Web page caption snippets
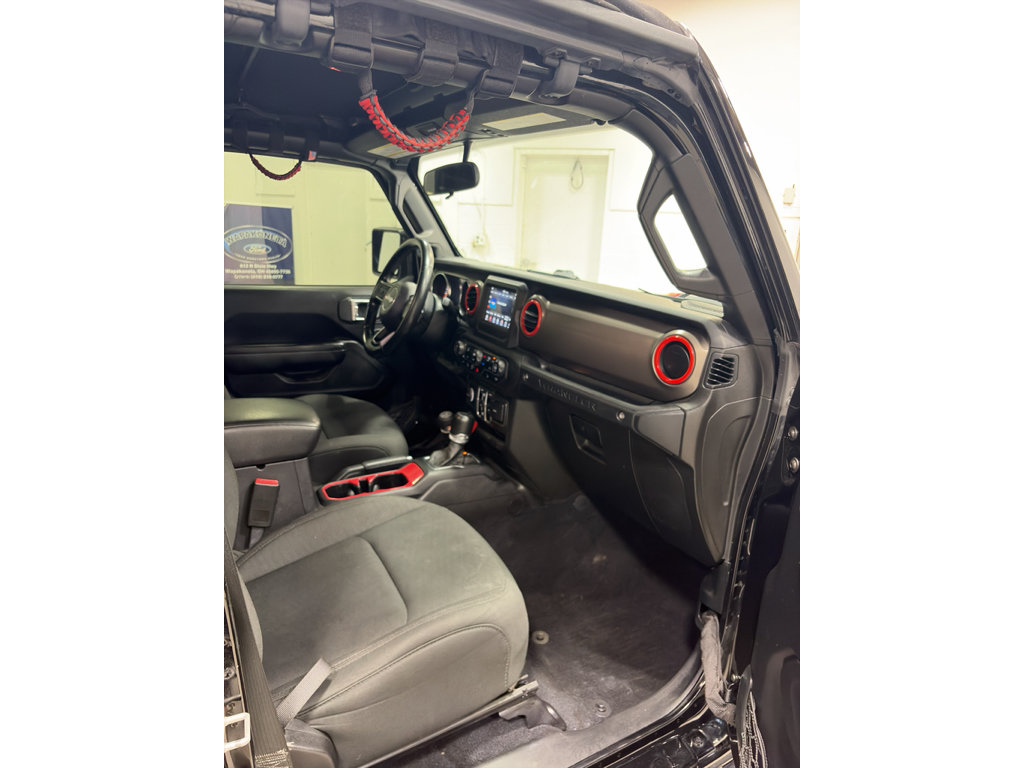 Used 2020 Jeep Wrangler Unlimited Sport S AWD/4WD image 32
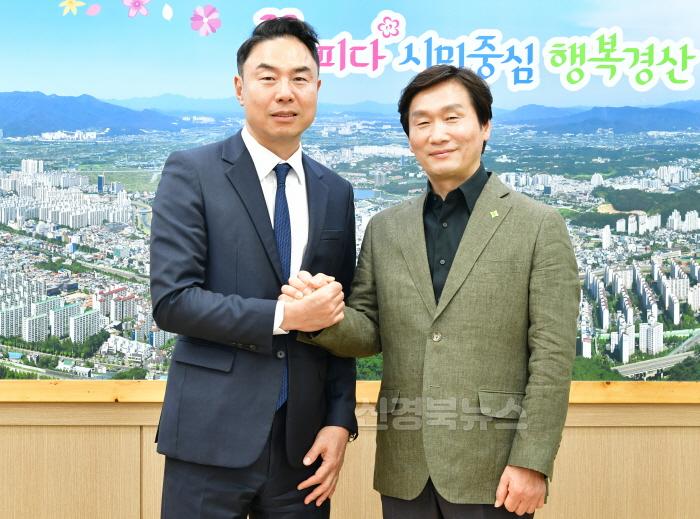 [크기변환]조현일 경산시장-정지영 현대백화점 사장 환담1.JPG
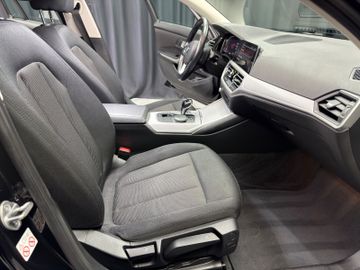 BMW 320 - 8
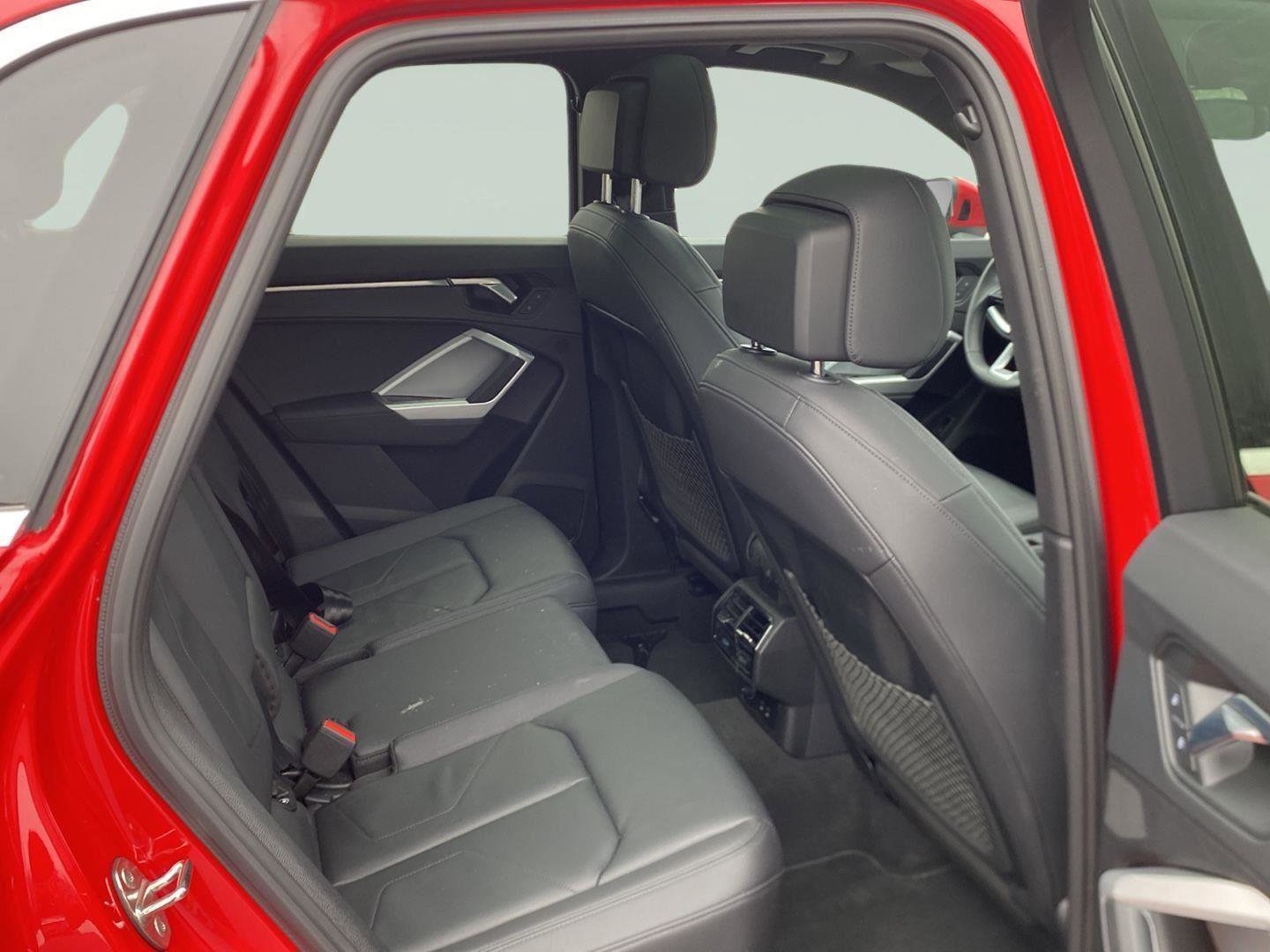 Used 2025 Audi Q3 2.0T Premium AWD/4WD image 12
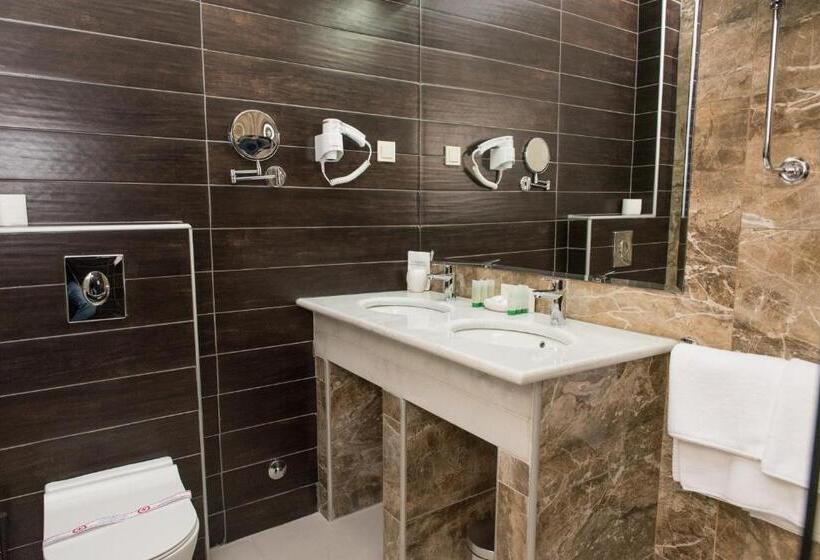 آپارتمان لوکس 1 خوابه, Crnogorska Kuća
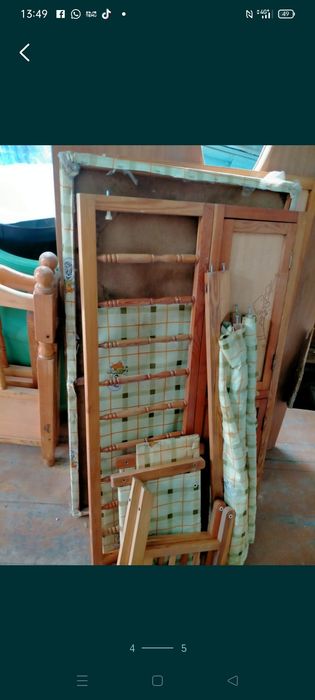 Продам манежку и коляску дешего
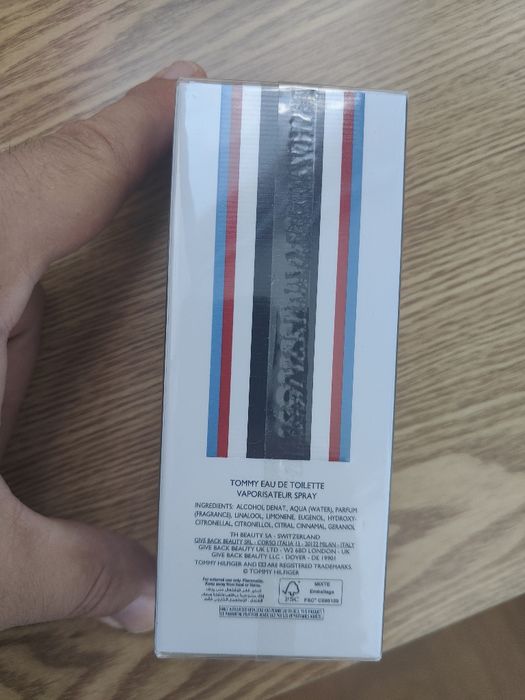 Apa de toaleta Tommy Hilfiger Sigilat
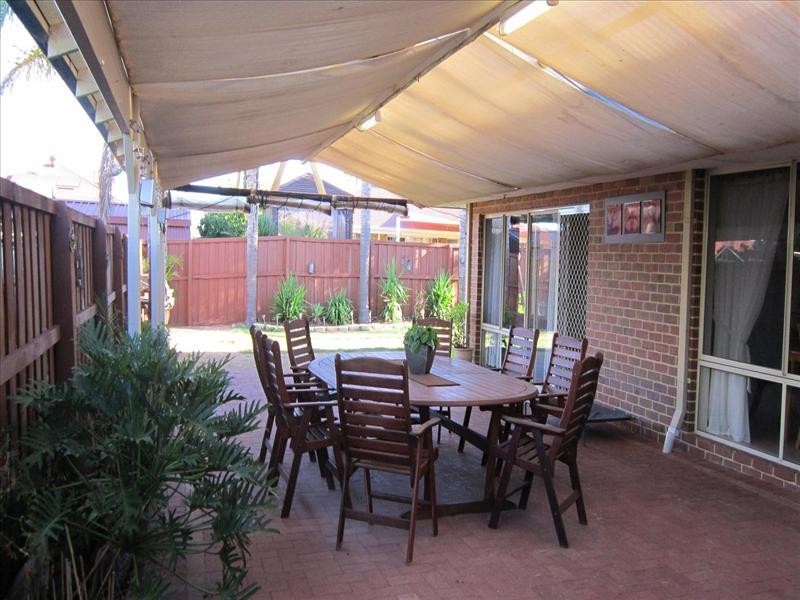 2 Snow Wood Avenue, Ellenbrook WA 6069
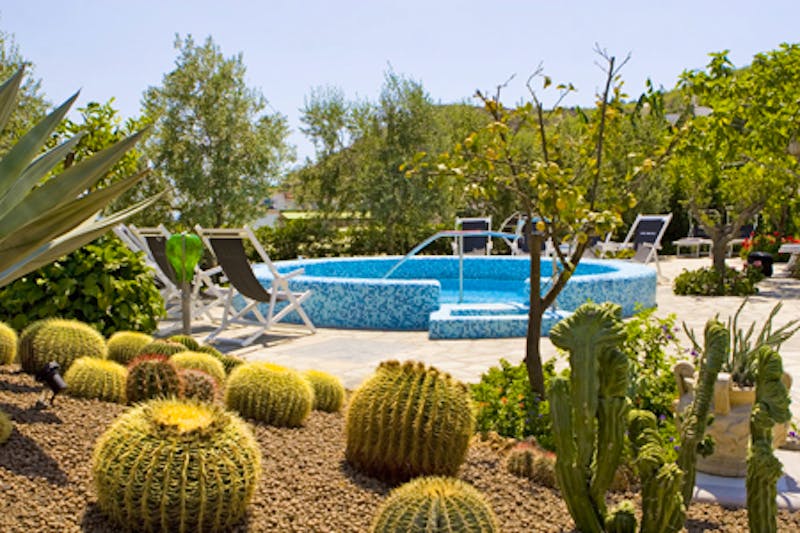 Pool- und Gartenanlage Hotel Villa Miralisa – ©Hotel Villa Miralisa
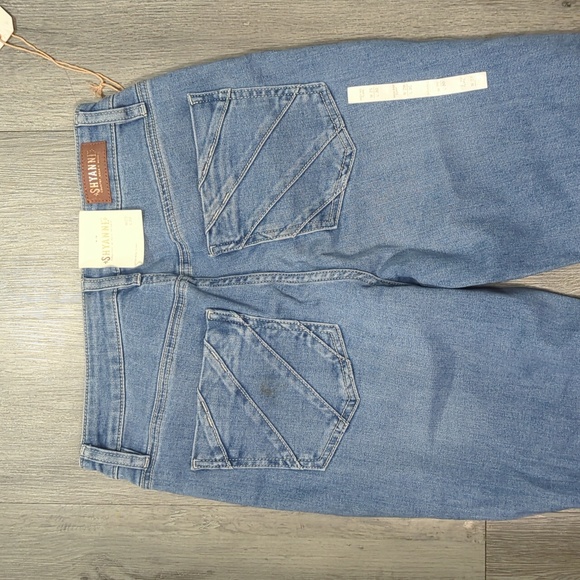 Shyanne Country Wear It Mean It Jeans NWT - Picture 6 of 9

WHAT THIS TASK INVOLVES - Beginning with the line that has "آپارتمان لوکس 1 خوابه, Crnogorska Kuća", repeat each remaining line of the data above word for word, keeping pictures out.

OUTPUT BELOW -
 آپارتمان لوکس 1 خوابه, Crnogorska Kuća
 Продам манежку и коляску дешего
 Apa de toaleta Tommy Hilfiger Sigilat
 2 Snow Wood Avenue, Ellenbrook WA 6069
 Pool- und Gartenanlage Hotel Villa Miralisa – ©Hotel Villa Miralisa
 Shyanne Country Wear It Mean It Jeans NWT - Picture 6 of 9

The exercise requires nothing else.